In November, world leaders will meet in Glasgow for the 26th UN Climate Change Conference (COP26). Their mission is to reach a consensus on how to increase climate ambition and accelerate the global energy transition in the 2020s. This means setting in place changes in technologies and infrastructure to secure significant emissions reductions before 2030 and enable further emissions cuts in the following decades. The global steel sector will play a vital role in this transformation.
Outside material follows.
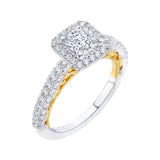 14K Two-Tone 1/2 ct Diamond Carizza Semi Mount Engagement Ring to Fit Princess Center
The 2020s will be a crucial decade for the transformation of the global steel sector. Two key facts underline this. More than 70% of existing coal-fired blast furnaces – comprising 2.4 million jobs and around 2.2 Gt of carbon emissions – will reach the end of their lifetimes by 2030. At the same time, emerging economies are currently building new coal-based steelmaking capacity to meet rapidly rising steel demand.
If all these (re)investment decisions continue to rely on coal-based steelmaking technologies, the outcome will be long-term carbon lock-in. And “bailing out” coal-based assets by retroactively equipping them with CCS after 2030 is a highly risky bet.
Instead, the global steel sector must use the 2020s to invest massively in low-carbon steelmaking technologies such as direct reduced iron and electric arc furnaces. This paper examines the challenges of and options for steelmaking asset transformation in a variety of countries. It is the first in a series of Agora Industry publications on the global steel transformation.